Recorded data
* * * * * * *

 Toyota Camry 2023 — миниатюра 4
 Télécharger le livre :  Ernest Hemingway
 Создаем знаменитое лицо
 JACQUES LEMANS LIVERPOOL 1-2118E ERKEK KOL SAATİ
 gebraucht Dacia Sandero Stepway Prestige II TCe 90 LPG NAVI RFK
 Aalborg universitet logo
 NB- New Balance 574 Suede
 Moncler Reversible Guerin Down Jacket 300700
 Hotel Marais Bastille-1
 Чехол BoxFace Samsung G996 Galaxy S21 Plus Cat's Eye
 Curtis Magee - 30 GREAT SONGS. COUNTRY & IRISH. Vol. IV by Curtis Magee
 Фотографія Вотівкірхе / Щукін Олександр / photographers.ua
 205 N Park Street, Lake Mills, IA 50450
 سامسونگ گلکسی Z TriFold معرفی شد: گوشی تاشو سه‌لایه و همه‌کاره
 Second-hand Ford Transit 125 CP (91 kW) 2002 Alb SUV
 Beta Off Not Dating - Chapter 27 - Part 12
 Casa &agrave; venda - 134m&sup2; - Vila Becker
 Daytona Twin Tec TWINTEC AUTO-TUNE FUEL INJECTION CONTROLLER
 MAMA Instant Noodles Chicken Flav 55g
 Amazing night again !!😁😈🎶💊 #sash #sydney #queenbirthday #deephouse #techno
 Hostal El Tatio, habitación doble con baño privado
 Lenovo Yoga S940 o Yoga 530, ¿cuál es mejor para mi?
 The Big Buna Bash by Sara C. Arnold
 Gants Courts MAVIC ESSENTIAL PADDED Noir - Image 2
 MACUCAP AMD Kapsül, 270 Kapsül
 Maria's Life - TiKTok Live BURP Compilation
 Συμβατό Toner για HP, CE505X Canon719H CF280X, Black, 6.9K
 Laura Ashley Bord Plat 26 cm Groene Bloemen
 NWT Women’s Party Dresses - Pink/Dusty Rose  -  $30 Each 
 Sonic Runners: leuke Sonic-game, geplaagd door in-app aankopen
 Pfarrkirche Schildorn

* * * * * * *

- **WHAT IS BEING ASKED**: Give back the data above exactly as it appears.

- **WRITTEN SOLUTION**:
 Toyota Camry 2023 — миниатюра 4
 Télécharger le livre :  Ernest Hemingway
 Создаем знаменитое лицо
 JACQUES LEMANS LIVERPOOL 1-2118E ERKEK KOL SAATİ
 gebraucht Dacia Sandero Stepway Prestige II TCe 90 LPG NAVI RFK
 Aalborg universitet logo
 NB- New Balance 574 Suede
 Moncler Reversible Guerin Down Jacket 300700
 Hotel Marais Bastille-1
 Чехол BoxFace Samsung G996 Galaxy S21 Plus Cat's Eye
 Curtis Magee - 30 GREAT SONGS. COUNTRY & IRISH. Vol. IV by Curtis Magee
 Фотографія Вотівкірхе / Щукін Олександр / photographers.ua
 205 N Park Street, Lake Mills, IA 50450
 سامسونگ گلکسی Z TriFold معرفی شد: گوشی تاشو سه‌لایه و همه‌کاره
 Second-hand Ford Transit 125 CP (91 kW) 2002 Alb SUV
 Beta Off Not Dating - Chapter 27 - Part 12
 Casa &agrave; venda - 134m&sup2; - Vila Becker
 Daytona Twin Tec TWINTEC AUTO-TUNE FUEL INJECTION CONTROLLER
 MAMA Instant Noodles Chicken Flav 55g
 Amazing night again !!😁😈🎶💊 #sash #sydney #queenbirthday #deephouse #techno
 Hostal El Tatio, habitación doble con baño privado
 Lenovo Yoga S940 o Yoga 530, ¿cuál es mejor para mi?
 The Big Buna Bash by Sara C. Arnold
 Gants Courts MAVIC ESSENTIAL PADDED Noir - Image 2
 MACUCAP AMD Kapsül, 270 Kapsül
 Maria's Life - TiKTok Live BURP Compilation
 Συμβατό Toner για HP, CE505X Canon719H CF280X, Black, 6.9K
 Laura Ashley Bord Plat 26 cm Groene Bloemen
 NWT Women’s Party Dresses - Pink/Dusty Rose  -  $30 Each 
 Sonic Runners: leuke Sonic-game, geplaagd door in-app aankopen
 Pfarrkirche Schildorn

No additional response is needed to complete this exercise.